» RECORDS TO PROCESS
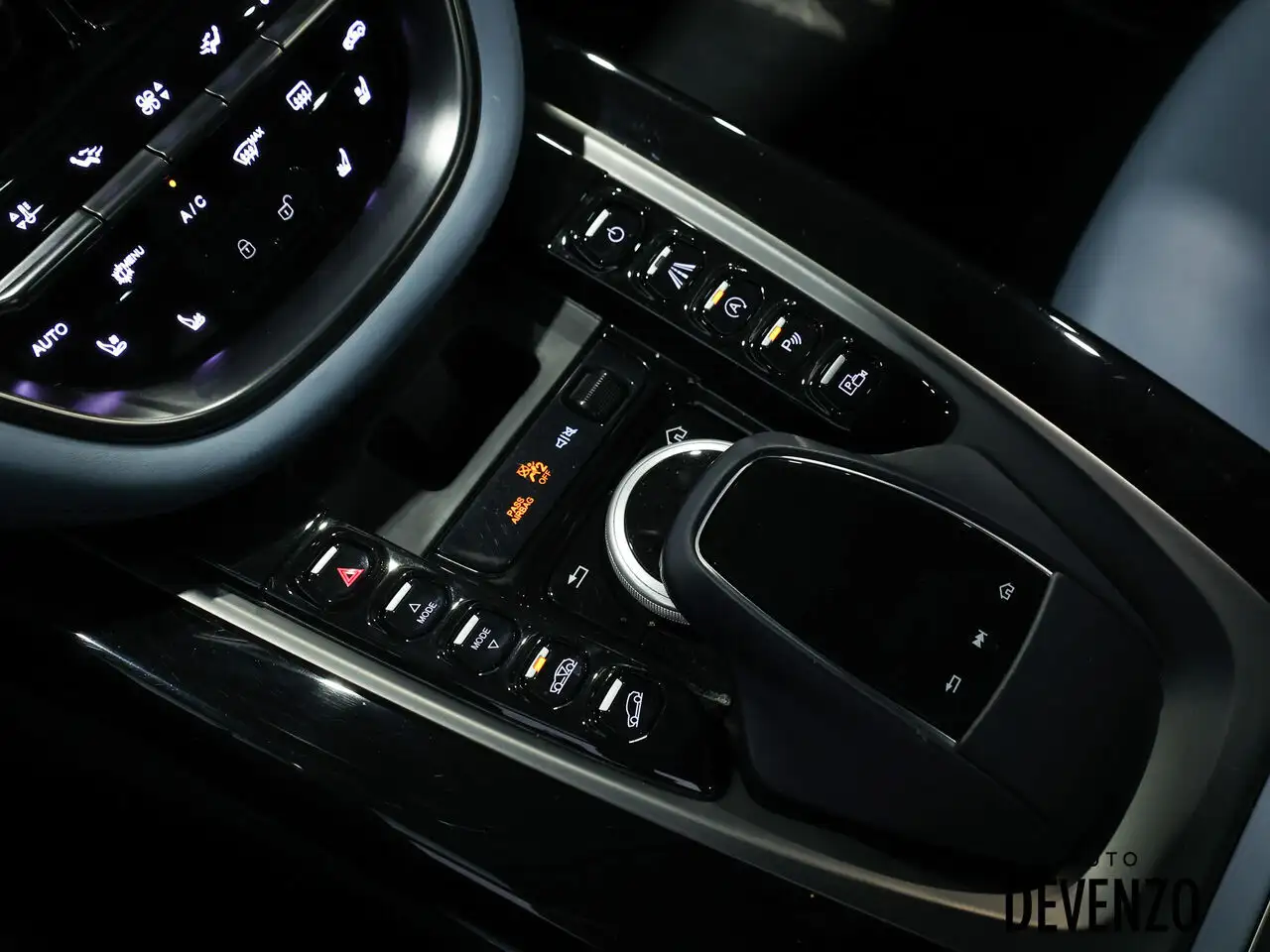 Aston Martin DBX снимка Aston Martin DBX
...
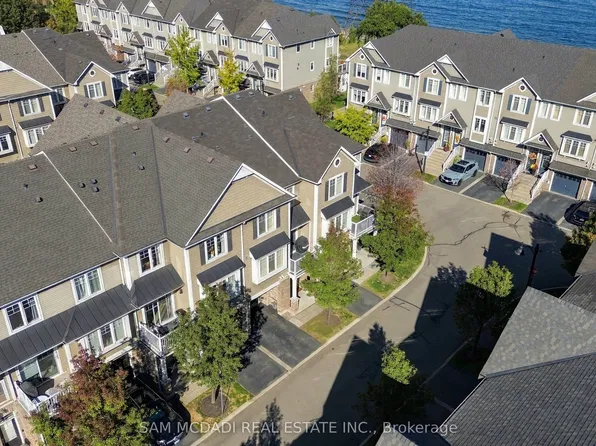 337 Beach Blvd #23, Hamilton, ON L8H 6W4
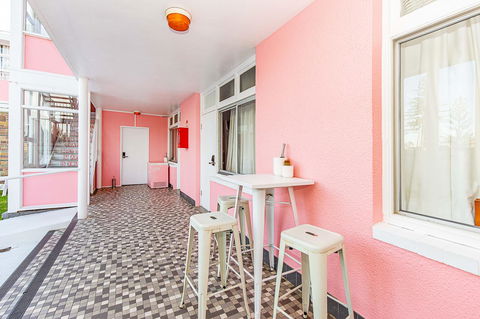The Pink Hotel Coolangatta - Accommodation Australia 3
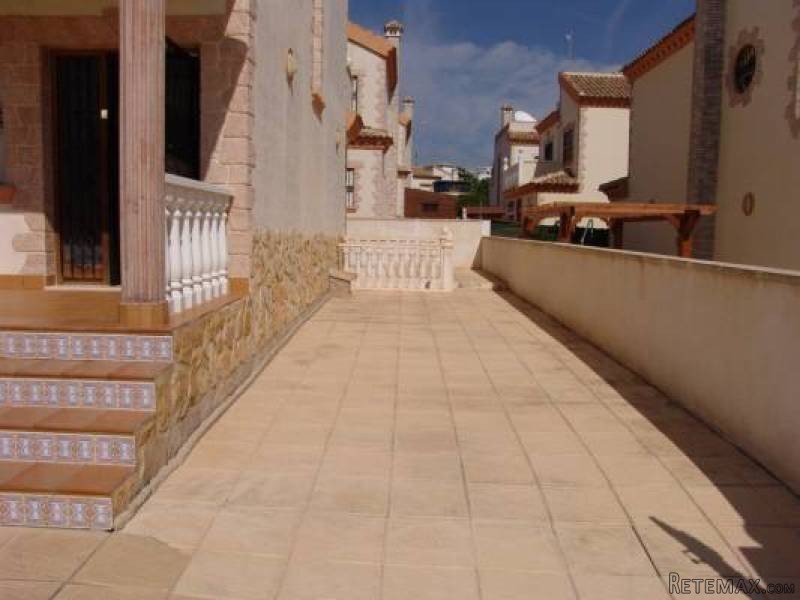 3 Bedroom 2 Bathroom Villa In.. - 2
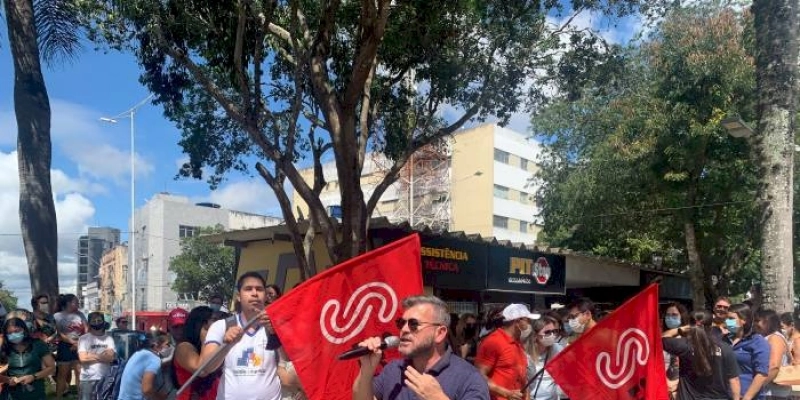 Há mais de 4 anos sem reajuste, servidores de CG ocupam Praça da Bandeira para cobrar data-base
==
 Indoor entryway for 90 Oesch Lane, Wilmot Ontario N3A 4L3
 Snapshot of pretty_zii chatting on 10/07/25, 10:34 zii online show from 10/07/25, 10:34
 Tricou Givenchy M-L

» EXERCISE INSTRUCTIONS
Within the listing above, write out the stretch from the line with "The Pink Hotel" through the line with "Há mais de 4" exactly. Any pictures are to be left out.

» ANSWER BELOW
The Pink Hotel Coolangatta - Accommodation Australia 3
 3 Bedroom 2 Bathroom Villa In.. - 2
 Há mais de 4 anos sem reajuste, servidores de CG ocupam Praça da Bandeira para cobrar data-base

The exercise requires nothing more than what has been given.